Growing up, the 64-year-old's parents didn't discuss their past in
the 1930s radical movement, where they rallied for things that
perhaps now don't seem all that radical. But pushing for enhanced
social services and unemployment insurance would have you labelled a
communist back then, and certainly posed a threat to Wayman's father
as he attempted to get his PhD at the University of Toronto. By the
time the chill of 1950s McCarthyism crept across the border, Wayman's
parents -- who actually met at a Young Communist League picnic --
were keeping their past politics secret from their children in the
little town of Hawkesbury, Ont. So, when young Wayman began believing
in the I-too-can-change-the-world spirit of the 1960s, he didn't know
he was following in their footsteps or that their fears for him were
grounded in personal experience.
"They knew something about what it takes to start a social movement,"
says Wayman, currently on the publicity rounds for his newest novel,
Woodstock Rising. "I think they were nervous that I was going to get
into trouble. They have always been supportive. I mean, I wanted to
be a poet, my mother wanted me to get my PhD. That was the route out
of poverty for them. They were haunted by poverty and they were
nervous about political activity."
While this may not seem overly relevant to the plot points of
Wayman's Woodstock Rising, he admits he was thinking about the
differences between generations when writing the book. He was
thinking about the sort of optimism that was scared out of his
parents' generation and appeared to be buried in cynicism for the
ones that followed his. Now an associate professor in the University
of Calgary's English department and an established Canadian poet,
Wayman has more than 40 years experience instructing wide-eyed youth
at post-secondary institutions. It's given him a front-row seat in
witnessing a shift in attitude over the years.
"People are cynical," he says. "Not just about the politics, but
about hope for the future. And that kind of cynicism paralyzes people
-- 'Why bother trying, if nothing is going to change?' We thought
very differently. We thought we could change everything."
Which may sound like Wayman views the 1960s through an aging hippie's
rose-coloured glasses rather than historic objectivity. But Wayman
says he was trying to capture the complete spirit of the 1960s in
Woodstock Rising, painting it in all its psychedelic, tie-dyed glory.
While his novel certainly delves into serious and complex issues,
it's also a comedy that gleams with nostalgia. The action takes place
in 1969, not long after the Woodstock concert. A young Canadian
graduate student at the University of California finds himself in the
middle of a scheme to follow in the footsteps of Communist China,
which had successfully launched its first satellite. The students
plan to break into a missile silo so they can launch "The Woodstock
Nation" satellite into orbit.
Wayman says the bare bones plot has been percolating for quite some
time, having come to him in a dream in 1971. But he also wanted the
novel to capture everything about the period, not just the politics.

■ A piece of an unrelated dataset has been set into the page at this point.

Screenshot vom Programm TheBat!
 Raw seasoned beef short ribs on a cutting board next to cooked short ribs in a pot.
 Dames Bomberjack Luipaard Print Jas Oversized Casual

"There are sort of two main streams, one of which is the story about
going into the silo and the Woodstock satellite," says Wayman.
"That was completely from a dream and I had all these notes about it.
Years had come and gone and I wanted to write something about the
1960s that was multi-layered and multi-faceted. It seemed a lot of
what was written focused on one particular aspect. But to have gone
through it, I knew that every aspect resonated with and was
influenced by the other parts -- pop culture, the radical movement,
the music and all the normal stuff young people are concerned with."
Woodstock Rising is a coming-of-age tale, where characters dress in
hippie garb, smoke joints and occasionally utter phrases such as "far
out" or "right on." But it also looks at the political divisions of
the student movement. Wayman, like his protagonist, was involved in
Students for a Democratic Society, an early organization of America's
so-called New Left. He also spent time in the U.S. studying at
University of California, Irvine and eventually teaching at the
University of Colorado in 1968 and 1969. He never made it to
Woodstock because he decided to return to Canada in August 1969,
where he began to work in a number of labour jobs while periodically
returning to teaching. In the meantime, he became a celebrated author
and poet. Woodstock Rising is his 26th book, in a literary career
that covered poetry, essays, criticism, short stories and novels.
While this novel certainly has its lighthearted side and Wayman was
wary of preaching, he said he also wanted it to look into some of the
hard lessons learned by the movement.
"Any social movement is people and people have contradictions, and I
really wanted to get that across," he says. "There are some practical
lessons, I think, buried in the book. These students begin to realize
when you protest, you ask the ruling class to stop being the ruling
class, which they aren't likely to do. Not that you shouldn't
protest, but it's not the only thing to do."
But politics wasn't the only culture-changing force swirling around
campuses. In Woodstock Rising, Wayman takes great pains to show the
power of popular music, something he says was an omnipotent force
during the period.
In the first 60 pages alone, he extensively quotes lyrics from
Buffalo Springfield, the Supremes, The Doors, Lovin' Spoonful, H.P.
Lovecraft, Bob Dylan, Jefferson Airplane and Crosby, Stills and Nash.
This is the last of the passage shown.